### Assignment
Below are the entries. Set down exactly the line containing "قارب المهاجرين قبل" and each line after it.

### Recorded data
▬▬▬▬▬▬

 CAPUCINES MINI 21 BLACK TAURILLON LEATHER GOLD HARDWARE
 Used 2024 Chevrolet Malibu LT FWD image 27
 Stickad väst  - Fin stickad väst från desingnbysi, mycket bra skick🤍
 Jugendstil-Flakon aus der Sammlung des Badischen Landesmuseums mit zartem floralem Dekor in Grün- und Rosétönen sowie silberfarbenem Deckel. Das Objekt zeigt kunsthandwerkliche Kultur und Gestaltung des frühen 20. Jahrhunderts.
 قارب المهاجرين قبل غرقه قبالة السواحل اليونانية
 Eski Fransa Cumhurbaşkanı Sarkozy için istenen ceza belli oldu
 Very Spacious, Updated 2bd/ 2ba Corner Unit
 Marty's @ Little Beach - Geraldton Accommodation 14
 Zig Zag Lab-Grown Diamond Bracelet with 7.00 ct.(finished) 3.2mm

▬▬▬▬▬▬

### Finished exercise
 قارب المهاجرين قبل غرقه قبالة السواحل اليونانية
 Eski Fransa Cumhurbaşkanı Sarkozy için istenen ceza belli oldu
 Very Spacious, Updated 2bd/ 2ba Corner Unit
 Marty's @ Little Beach - Geraldton Accommodation 14
 Zig Zag Lab-Grown Diamond Bracelet with 7.00 ct.(finished) 3.2mm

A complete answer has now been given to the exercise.